### AIM OF THE TASK
What lines below mention the word "Casa"? Copy each one.

### Entries taken from a collection
--------------------------------------------------

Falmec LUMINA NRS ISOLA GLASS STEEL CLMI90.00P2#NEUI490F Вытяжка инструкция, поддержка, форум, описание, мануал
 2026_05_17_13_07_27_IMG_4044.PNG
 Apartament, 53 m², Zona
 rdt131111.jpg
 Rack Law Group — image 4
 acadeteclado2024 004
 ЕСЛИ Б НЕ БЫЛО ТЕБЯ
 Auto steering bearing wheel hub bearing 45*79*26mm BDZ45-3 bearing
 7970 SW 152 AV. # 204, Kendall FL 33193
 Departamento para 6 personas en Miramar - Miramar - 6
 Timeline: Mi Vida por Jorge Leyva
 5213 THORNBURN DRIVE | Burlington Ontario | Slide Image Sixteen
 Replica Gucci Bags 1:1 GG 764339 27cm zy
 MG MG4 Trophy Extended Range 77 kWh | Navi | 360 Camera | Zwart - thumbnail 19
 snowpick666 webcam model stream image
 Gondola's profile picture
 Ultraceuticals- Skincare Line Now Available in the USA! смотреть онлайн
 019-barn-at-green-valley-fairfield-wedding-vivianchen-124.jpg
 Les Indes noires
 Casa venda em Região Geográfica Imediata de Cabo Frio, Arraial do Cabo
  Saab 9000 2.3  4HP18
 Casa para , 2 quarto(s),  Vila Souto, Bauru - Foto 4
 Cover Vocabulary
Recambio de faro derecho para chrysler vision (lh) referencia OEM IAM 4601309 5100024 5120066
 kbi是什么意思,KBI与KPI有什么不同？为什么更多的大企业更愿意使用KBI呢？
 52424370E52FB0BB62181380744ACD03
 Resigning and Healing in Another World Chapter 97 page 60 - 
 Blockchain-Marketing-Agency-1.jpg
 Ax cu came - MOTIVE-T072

--------------------------------------------------

### RESULT OF THE TASK
 Casa venda em Região Geográfica Imediata de Cabo Frio, Arraial do Cabo
 Casa para , 2 quarto(s),  Vila Souto, Bauru - Foto 4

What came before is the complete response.